• Work required:
Return exactly, with nothing added, the lines from the one that contains "Iradj Moini Saphire, Citrine, and" through the end of the listing below, pictures excluded.

»»

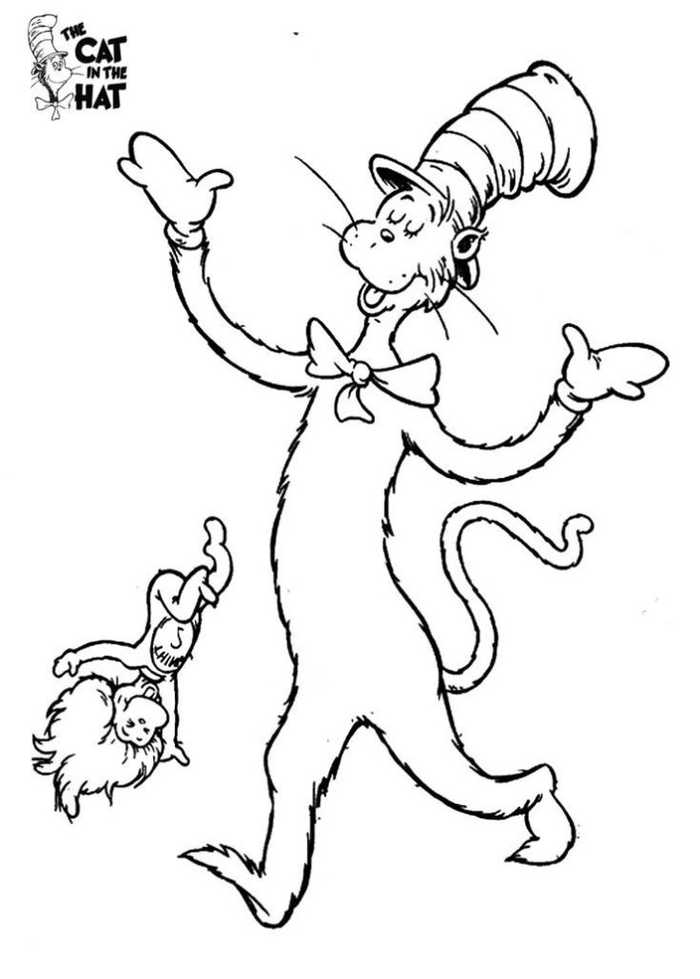 Cat In The Hat Coloring Pages PDF - Coloringfolder.com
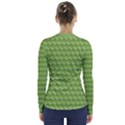 Green Pattern Ornate Background V-Neck Long Sleeve Top View2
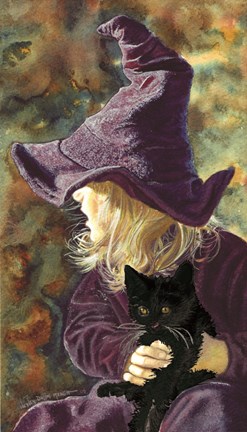 Framed Three Wishes - Witch Way, Black Cat Print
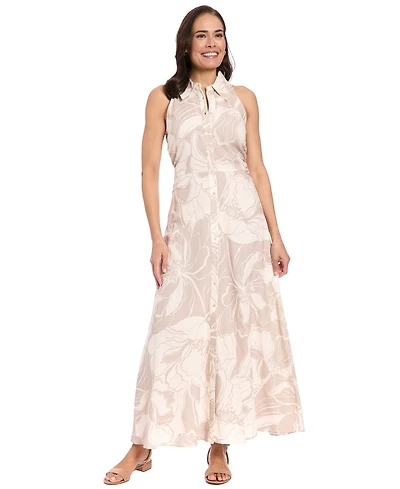 London Times Women's Sleeveless Button-Down Long Shirtdress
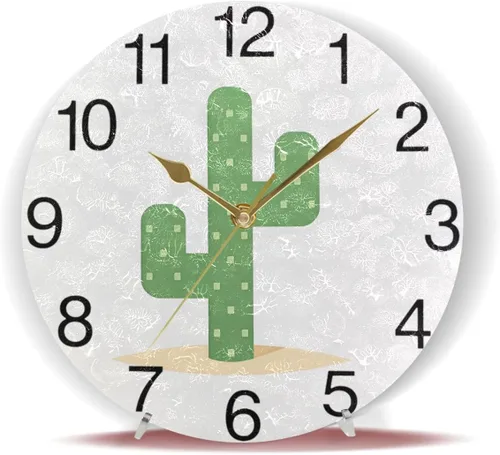 Miniatura 6 de senya Reloj de pared redondo de cactus del desierto, pintura al óleo silenciosa sin tictac, decorativo para el hogar, oficina, escuela, arte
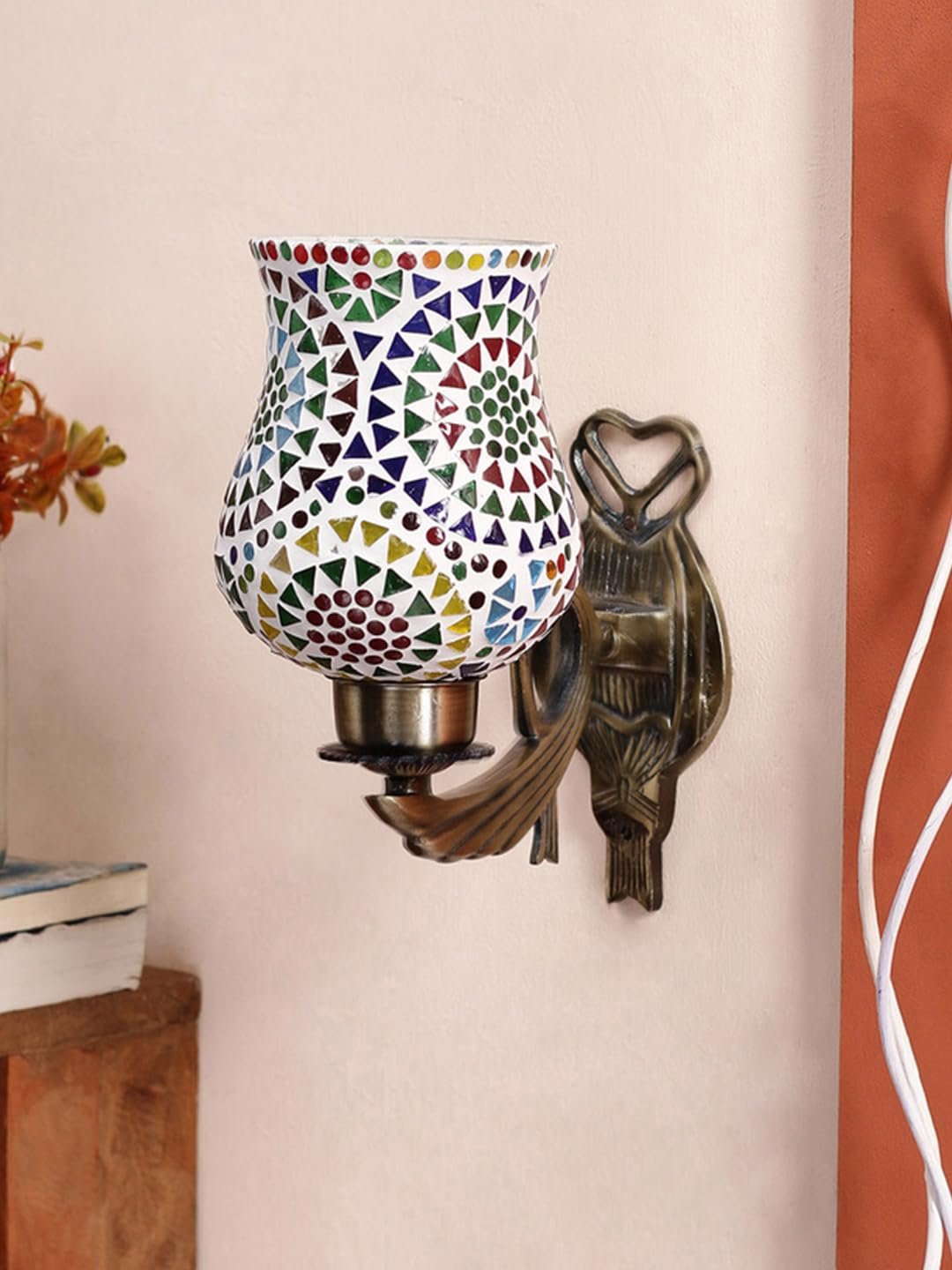 Antique Metal Wall Lamp with Multicolor Mosaic Glass -AY(9.5x4.5x11 Inches)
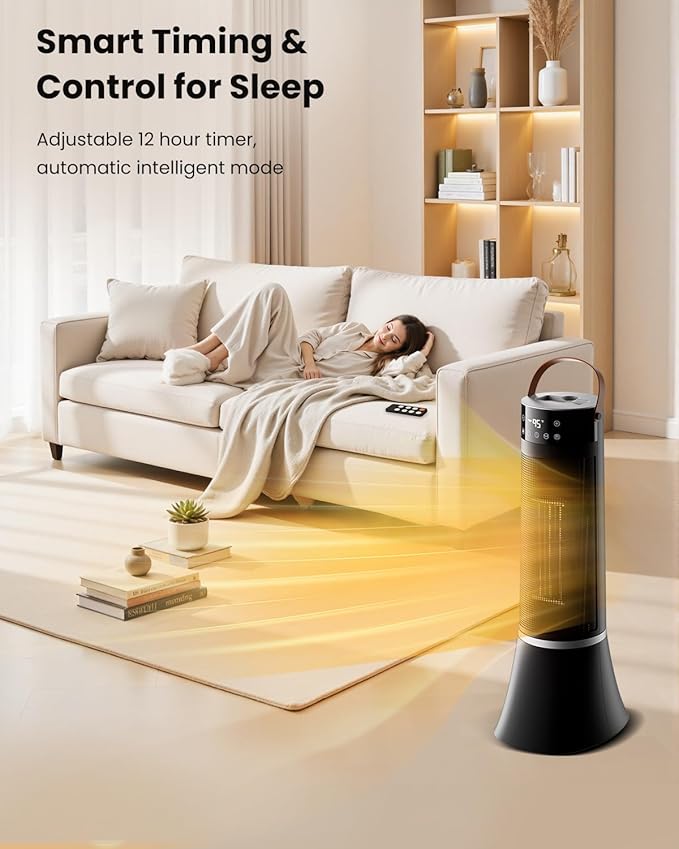 Space Heaters for indoor use large room, 24" 12ft/s Electric Heater with Remote, 1500W Electric Heaters with 75°Oscillation, 1-12H Timer, PTC Electric Heater for Large Room, Bedroom Home Office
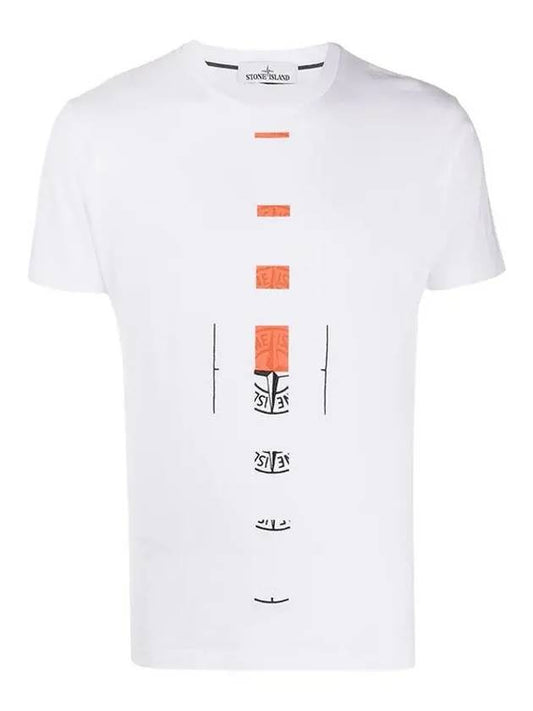 Men's Big Logo Crew Neck Short Sleeve T-Shirt White - STONE ISLAND - BALAAN 2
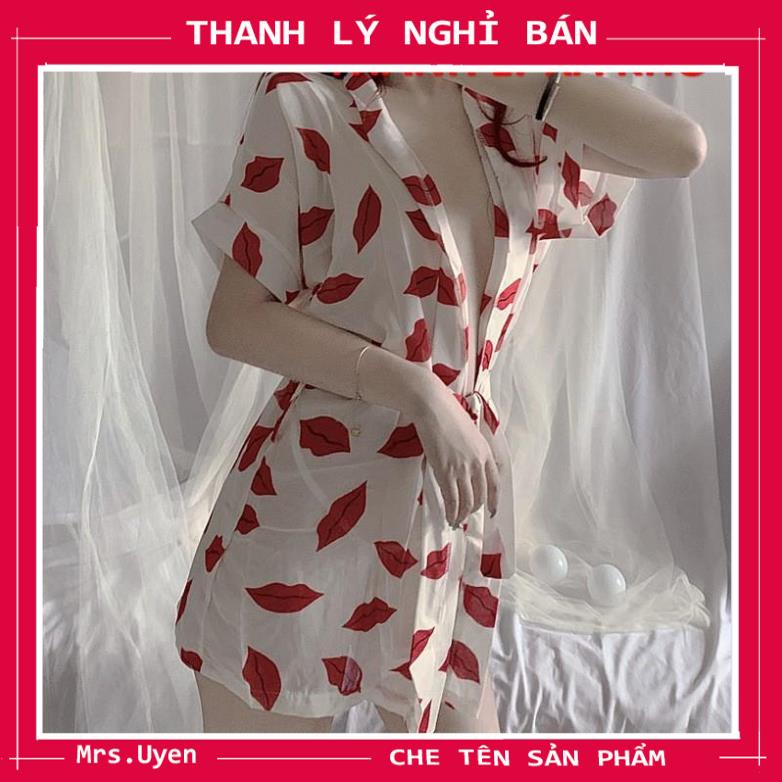 Áo Choàng Ngủ Sexy Voan Hoa Đi Biển Kiểu Kimono In Hình Môi Gợi Cảm, Áo Choàng Đi Biển Chụp Studio Cũng Xinh Lung Linh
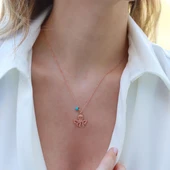 Ahtapot Rose Gold Turkuaz Taşlı Gümüş Kolye thumbnail 4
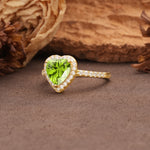 Luxurious & Romantic 3-Prong Heart Cut Peridot Engagement Ring - Additional view
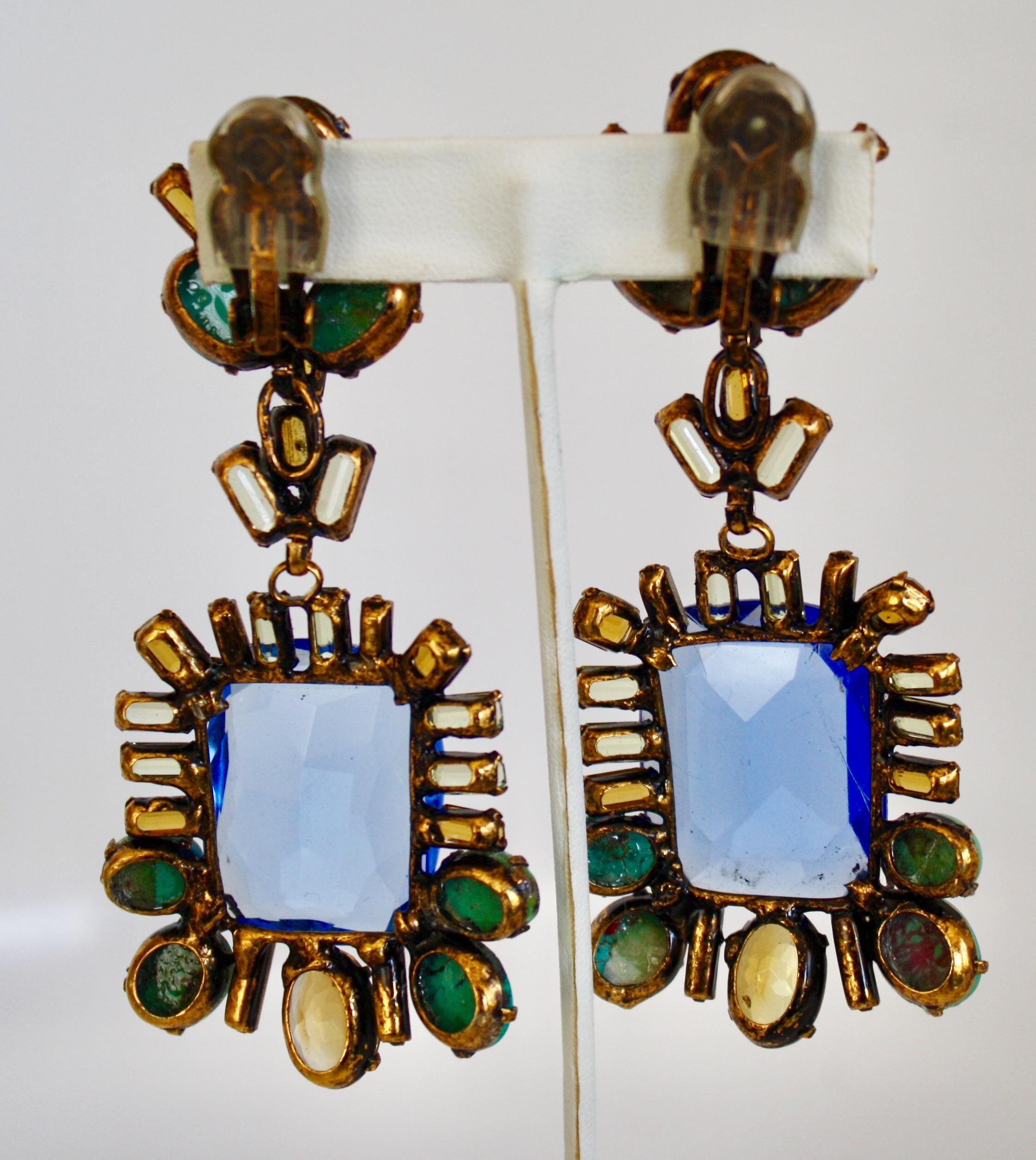 Iradj Moini Saphire, Citrine, and Turquoise Clip Earrings In New Condition In Virginia Beach, VA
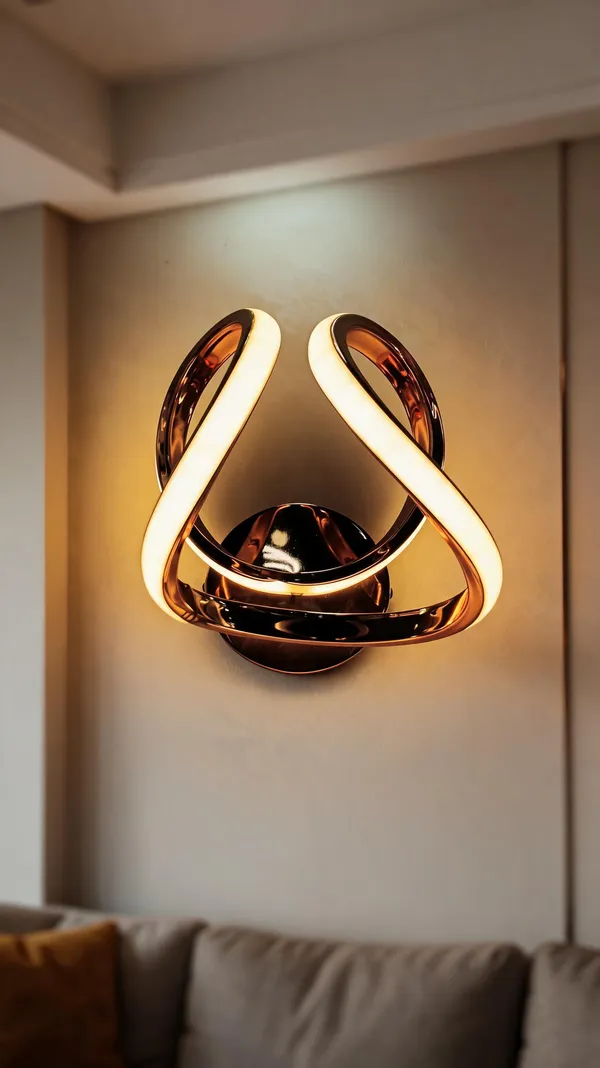 Aluminum_Modern_Curved_Ribbon_Rose_Gold_LED_Wall_Light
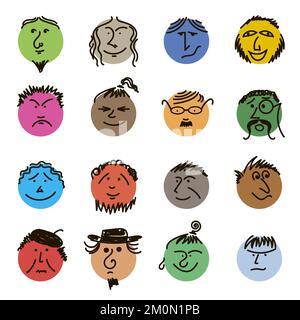 Teste per scarabocchio colorate. Volti a fumetti rotondi con varie emozioni. Stile di disegno a pastello. Diversi personaggi colorati. Gente di stile di cartone animato. Illustrazione Vettoriale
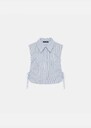 Alex Chest Protector blue striped shirt collar Blue TARA JARMON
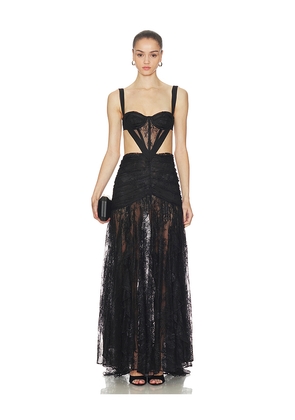 PatBO Laila Lace Cut Out Gown in Black. Size 2. Also in 6, 0, 4, 8.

««

• Completed task:
 Iradj Moini Saphire, Citrine, and Turquoise Clip Earrings In New Condition In Virginia Beach, VA
 Aluminum_Modern_Curved_Ribbon_Rose_Gold_LED_Wall_Light
 Teste per scarabocchio colorate. Volti a fumetti rotondi con varie emozioni. Stile di disegno a pastello. Diversi personaggi colorati. Gente di stile di cartone animato. Illustrazione Vettoriale
 Alex Chest Protector blue striped shirt collar Blue TARA JARMON
 PatBO Laila Lace Cut Out Gown in Black. Size 2. Also in 6, 0, 4, 8.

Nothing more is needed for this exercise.